= What is needed =
Omit every picture, then return the listing verbatim.

= Entries supplied =
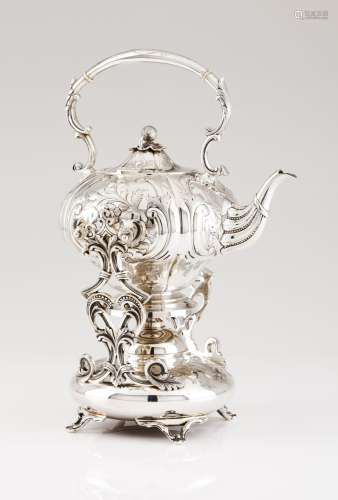 A tea kettle with stand and burner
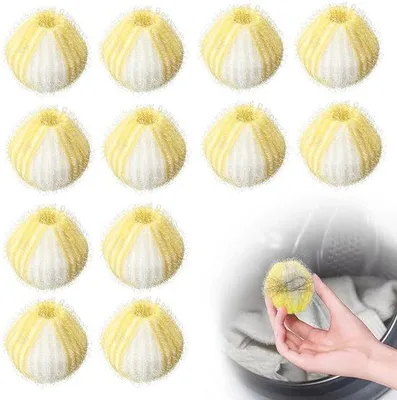 Image de Balles anti-peluches pour lave-linge - 12 pièces - Balles lavables réutilisables - Balles en tissu pour éliminer les poils à la maison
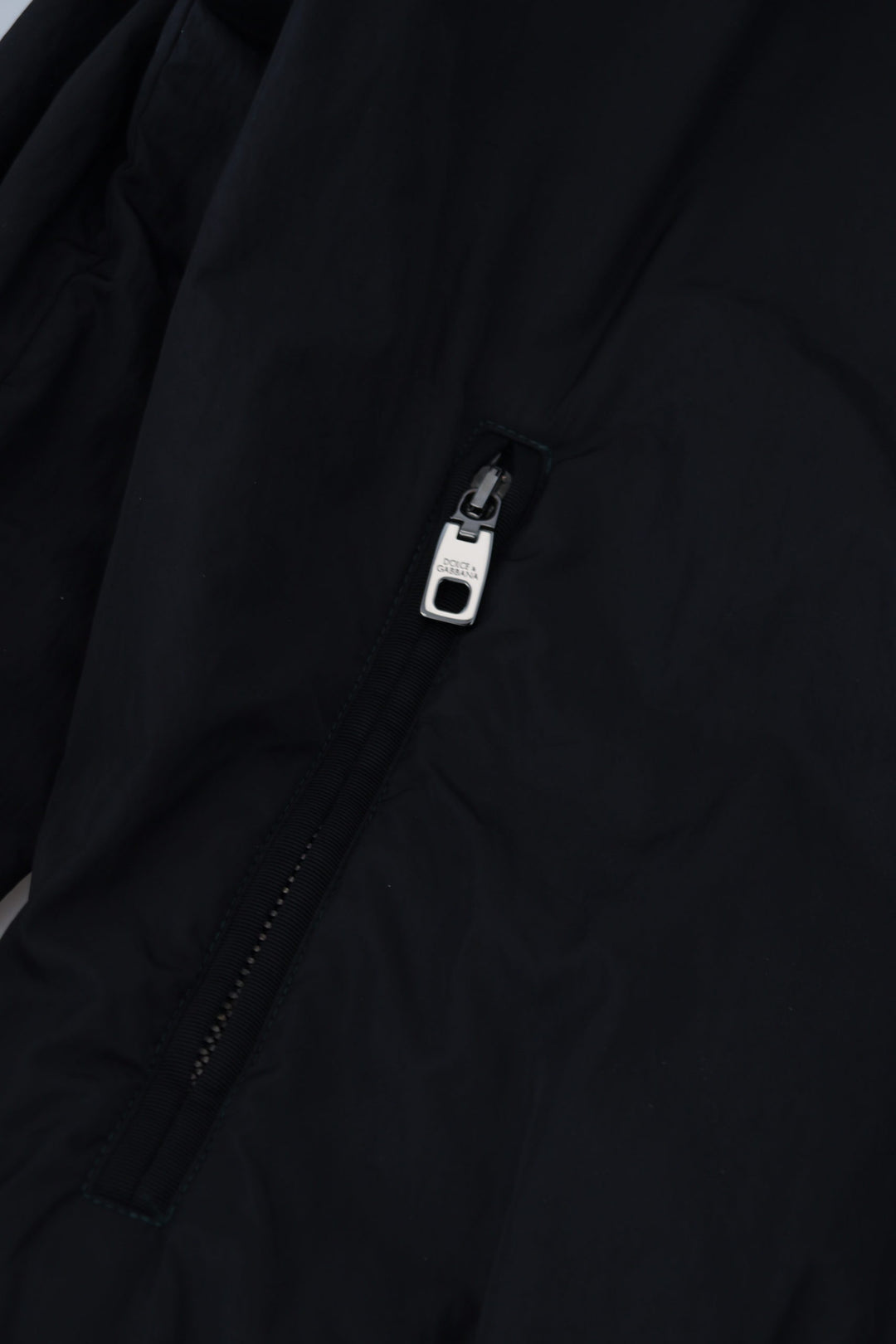 Dolce &amp; Gabbana Black Nylon Logo Bomber Zipper Jacket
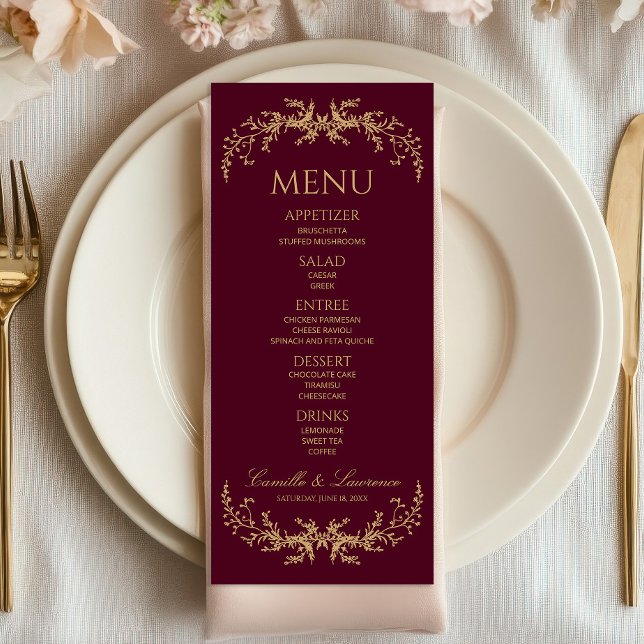 Burgund Champagne Toile Blommig Ram Bröllop Meny (Skapare uppladdad)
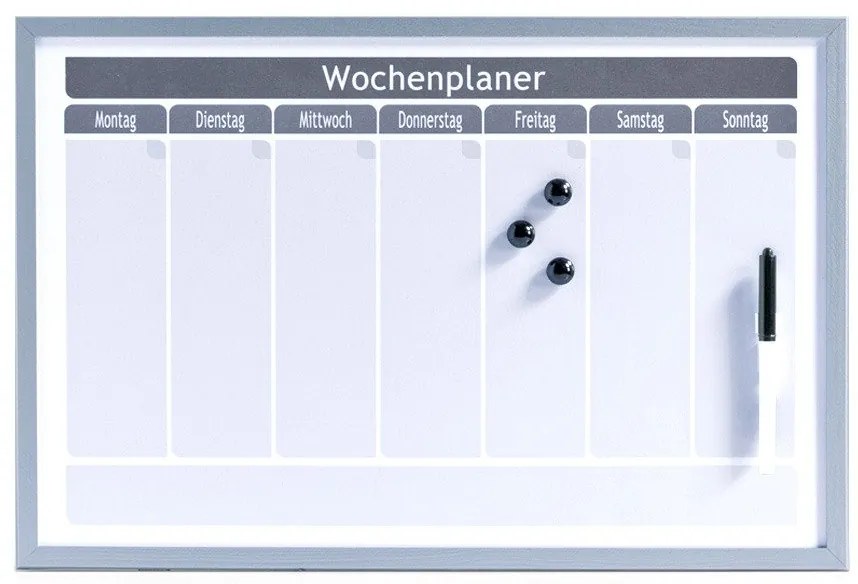 Tablă magnetică WOCHENPLANER + 3 magneți, 60x40 cm, ZELLER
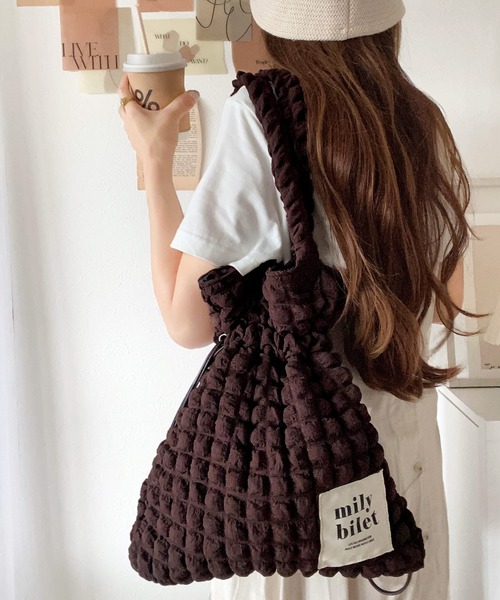 mily bilet(ミウィビレット)の「【mily bilet】愛らしさNo.1!ポップコーン2way巾着トートバッグ(トートバッグ・レディース・ブラウン/アイボリー/ブラック/レオパード・ONE SIZE)」の5枚目の写真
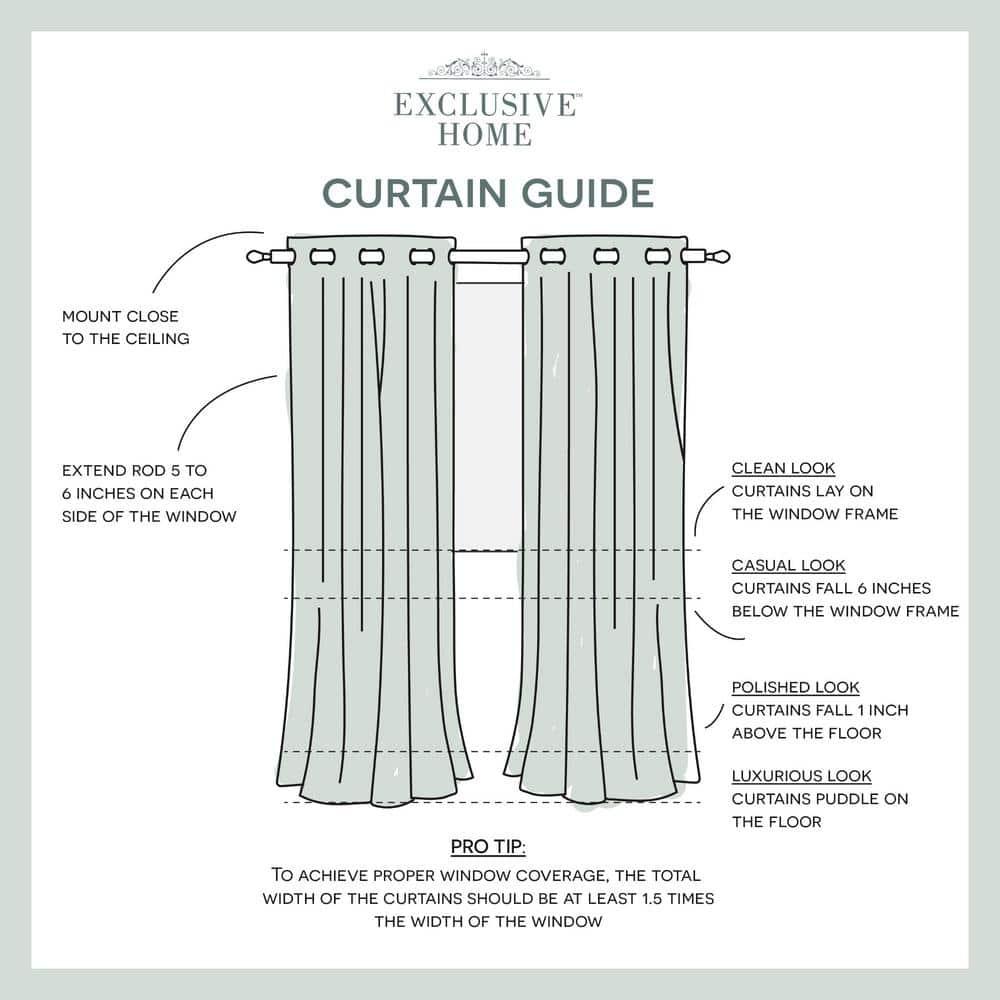 EXCLUSIVE HOME Kochi Light Filtering Linen Blend Grommet Top Curtain Panel Pair, 54"x96", Burgundy
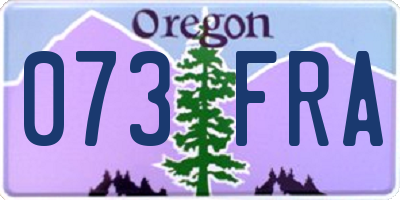 OR license plate 073FRA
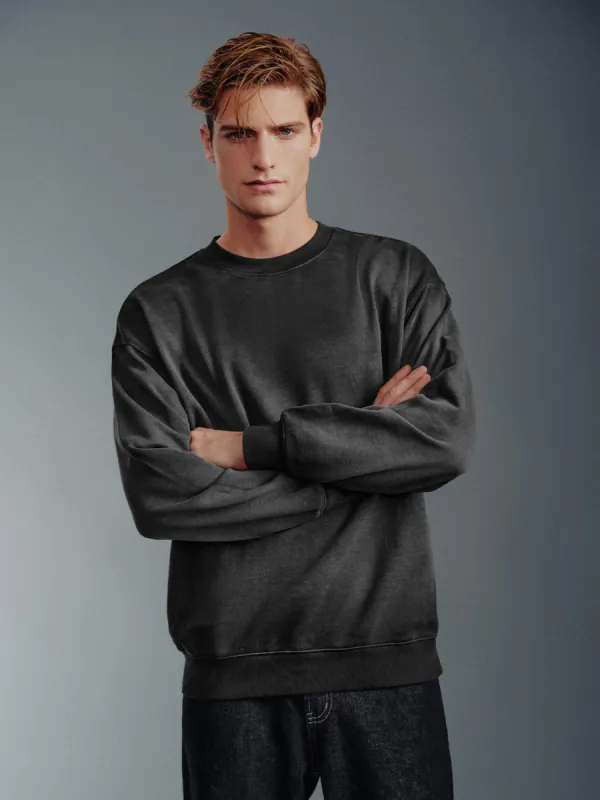 Crew Neck Loose Sweatshirt sold by Urban Revivo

= Solved exercise =
 A tea kettle with stand and burner
 Image de Balles anti-peluches pour lave-linge - 12 pièces - Balles lavables réutilisables - Balles en tissu pour éliminer les poils à la maison
 Dolce &amp; Gabbana Black Nylon Logo Bomber Zipper Jacket
 Burgund Champagne Toile Blommig Ram Bröllop Meny (Skapare uppladdad)
 Tablă magnetică WOCHENPLANER + 3 magneți, 60x40 cm, ZELLER
 mily bilet(ミウィビレット)の「【mily bilet】愛らしさNo.1!ポップコーン2way巾着トートバッグ(トートバッグ・レディース・ブラウン/アイボリー/ブラック/レオパード・ONE SIZE)」の5枚目の写真
 EXCLUSIVE HOME Kochi Light Filtering Linen Blend Grommet Top Curtain Panel Pair, 54"x96", Burgundy
 OR license plate 073FRA
 Crew Neck Loose Sweatshirt sold by Urban Revivo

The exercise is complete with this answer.